## Prompt
Can you transcribe every entry word for word, skipping the images?

## Record set
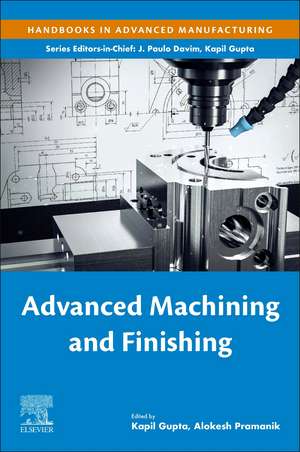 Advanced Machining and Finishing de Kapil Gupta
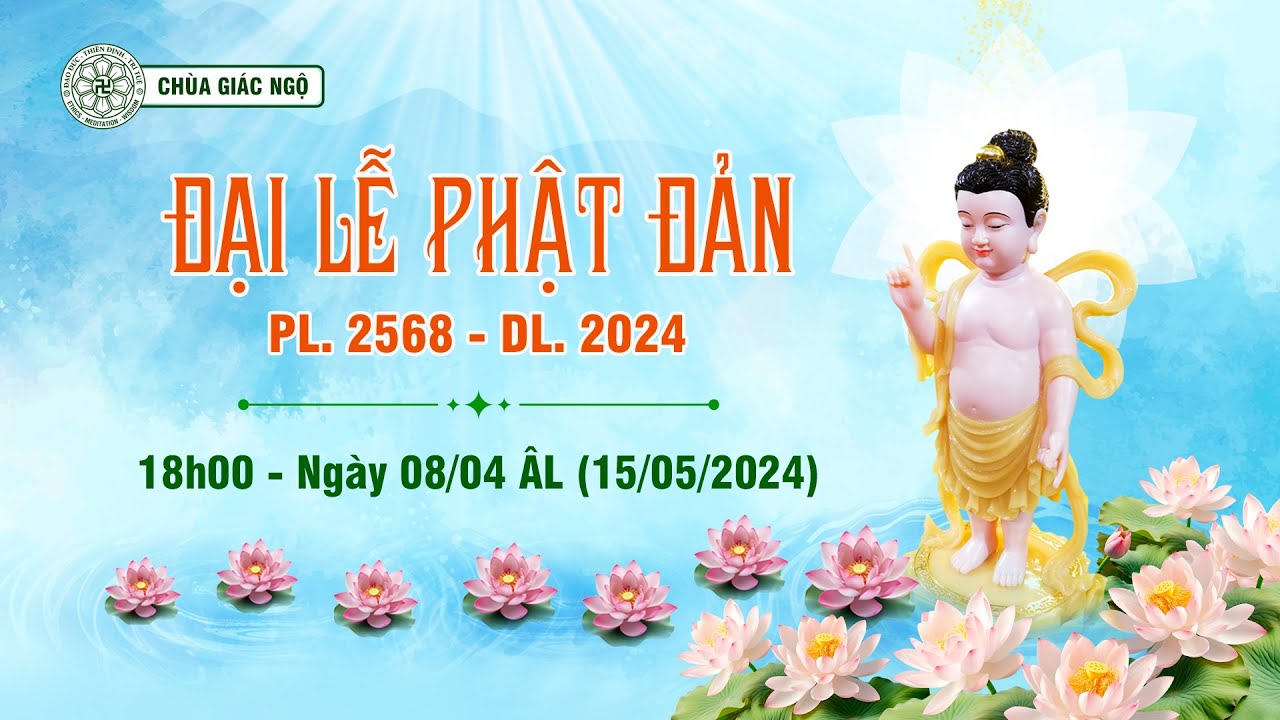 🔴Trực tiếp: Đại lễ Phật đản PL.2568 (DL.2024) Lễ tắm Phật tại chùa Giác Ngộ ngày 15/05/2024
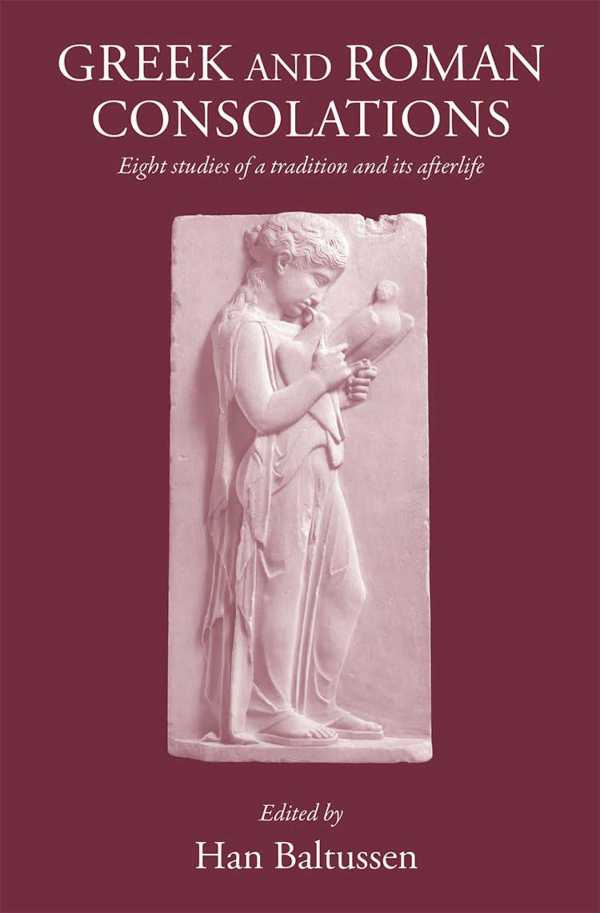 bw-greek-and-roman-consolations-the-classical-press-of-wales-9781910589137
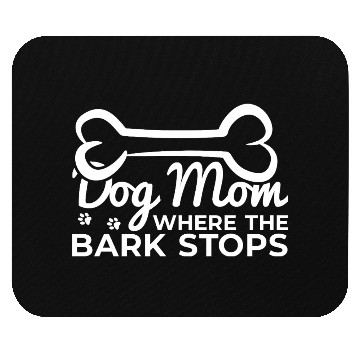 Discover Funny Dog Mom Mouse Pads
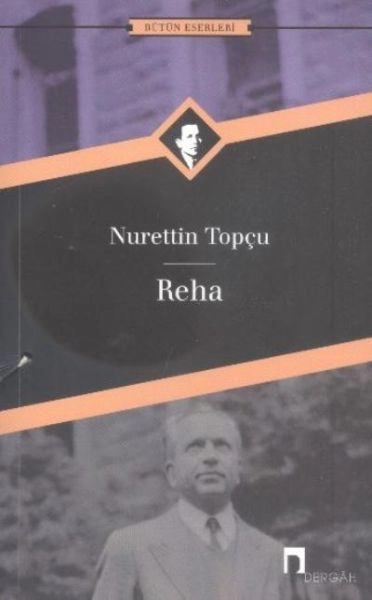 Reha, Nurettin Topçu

## Result for this exercise
 Advanced Machining and Finishing de Kapil Gupta
 🔴Trực tiếp: Đại lễ Phật đản PL.2568 (DL.2024) Lễ tắm Phật tại chùa Giác Ngộ ngày 15/05/2024
 bw-greek-and-roman-consolations-the-classical-press-of-wales-9781910589137
 Discover Funny Dog Mom Mouse Pads
 Reha, Nurettin Topçu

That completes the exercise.